Le ministre de la Défense, comme ses prédécesseurs, ne voit l'informatique au 21e siècle que comme une plume d'oie numérique et l'incompétence informatique programmée au sein de son ministère l'oblige à jouer de panurgisme et à se comporter comme un consommateur. Seulement, l'informatique est devenue en quelques années un outil stratégique que les grandes puissances militaires se doivent de maîtriser. Les USA, la Russie, la Chine et l'Inde l'ont bien compris et œuvrent fortement pour leur indépendance technologique informatique et leur maîtrise nationale, en s'appuyant massivement sur du logiciel libre pour les trois derniers. La France, cinquième puissance militaire mondiale, reste à la traîne sur ces aspects alors qu'au travers de son tissu d'entreprises innovantes et de laboratoires de recherche a tous les atouts en main.

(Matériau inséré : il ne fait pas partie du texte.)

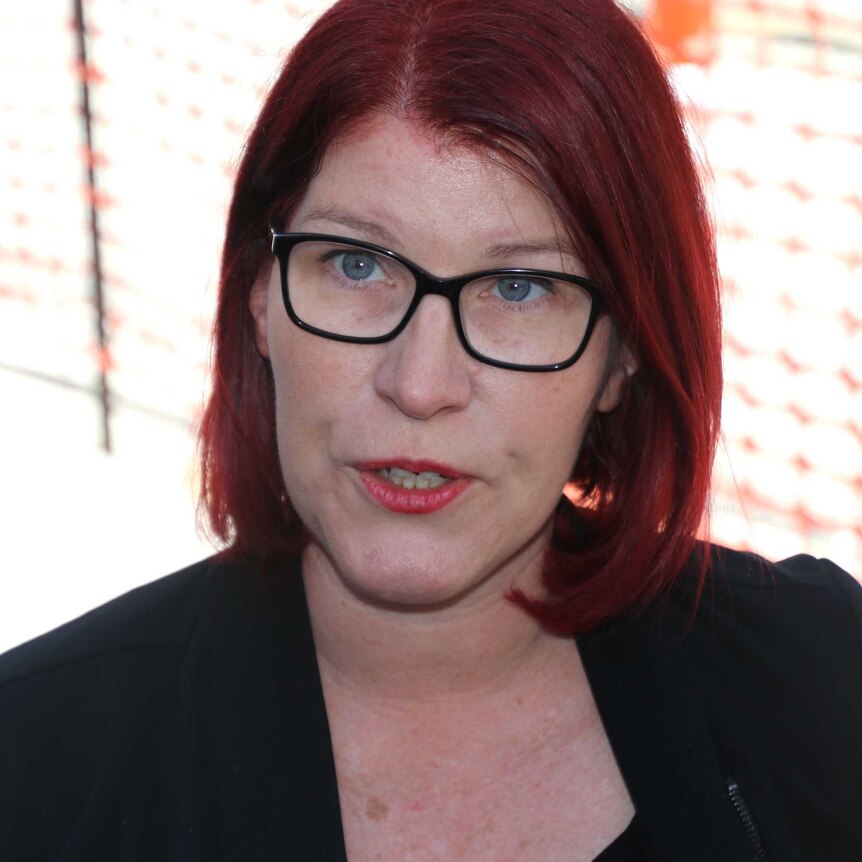 A close up of a red haired woman with glasses with sunshine and orange meshing in the background.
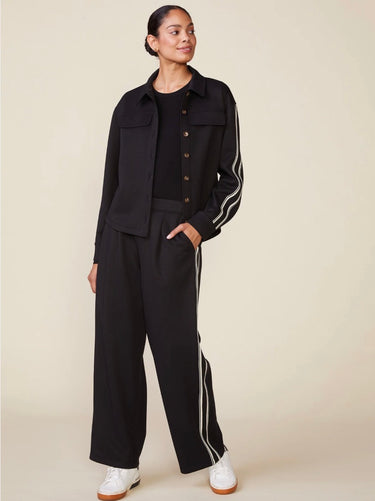 A model wearing a black two-piece tracksuit with white double stripes down the sleeves and legs, featuring a cropped button-front jacket and matching wide-leg pants, paired with white sneakers against a solid beige background.
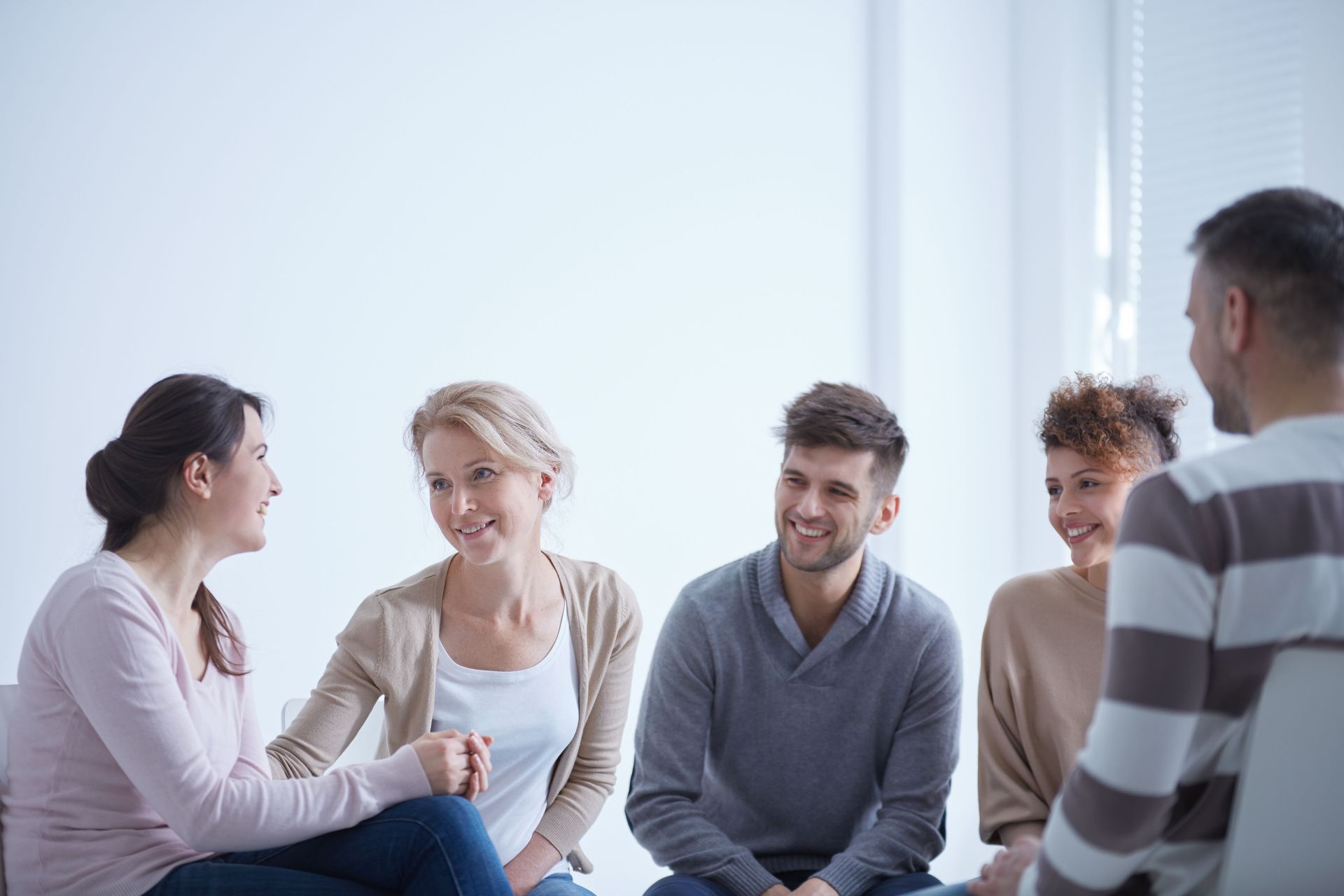 A group of people are sitting in a circle talking to each other.
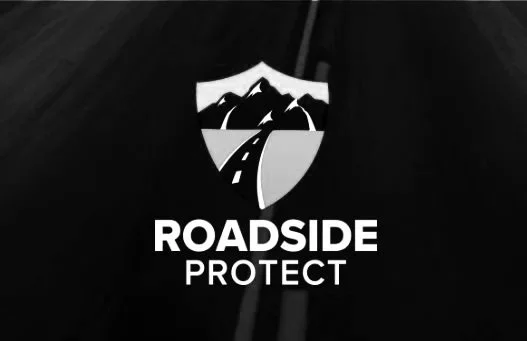 A logo with a shield featuring a mountain, a road, and trees, with the words 'Roadside Protect' below.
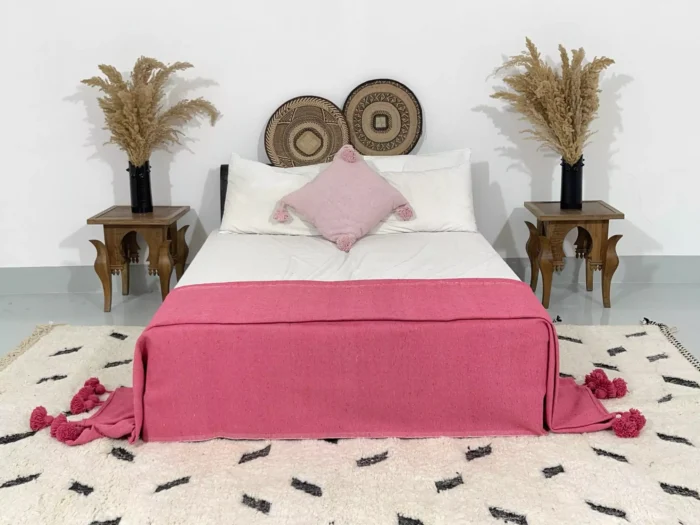 Rose pink pompom blanket styled in a romantic boho bedroom
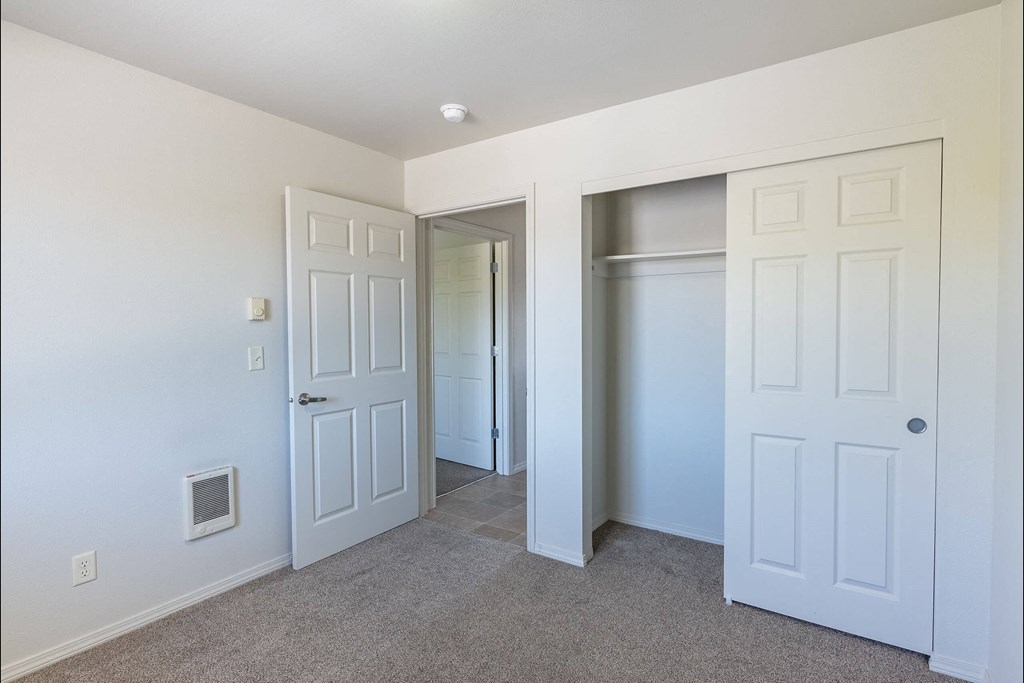 A white door is on the left side of the image at Stoneplace Apartment Homes, Molalla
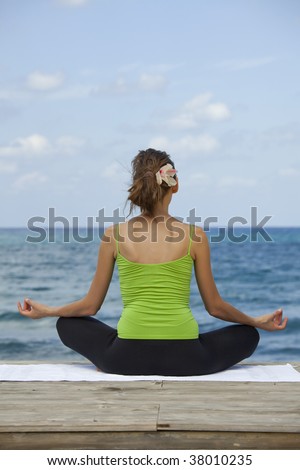 woman sitting in yoga pose on the beach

Il reste au ministère de la Défense quelques années pour corriger le tir des conséquences de cet accord-cadre et d'enfin comprendre que son informatique est tout aussi importante que sa force blindée, sa force d'action navale ou sa force aérienne. Fort heureusement pour la France les autres ministères, bien qu'utilisant également trop de solutions Microsoft, ont été plus sages en évitant de tomber dans le piège de l'accord-cadre Open Bar.